Caption-style text data:
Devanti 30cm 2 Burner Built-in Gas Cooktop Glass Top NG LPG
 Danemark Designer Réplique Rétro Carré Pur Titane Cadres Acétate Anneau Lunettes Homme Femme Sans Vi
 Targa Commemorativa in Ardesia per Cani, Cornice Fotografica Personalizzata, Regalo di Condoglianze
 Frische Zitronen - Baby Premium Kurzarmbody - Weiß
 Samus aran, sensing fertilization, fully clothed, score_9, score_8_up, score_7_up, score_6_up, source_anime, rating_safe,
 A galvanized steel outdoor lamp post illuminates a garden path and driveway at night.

* Task instructions
From the line with "Frische Zitronen - Baby" through the final line of the records, return each line exactly. Leave out the rest.

* Completed exercise
 Frische Zitronen - Baby Premium Kurzarmbody - Weiß
 Samus aran, sensing fertilization, fully clothed, score_9, score_8_up, score_7_up, score_6_up, source_anime, rating_safe,
 A galvanized steel outdoor lamp post illuminates a garden path and driveway at night.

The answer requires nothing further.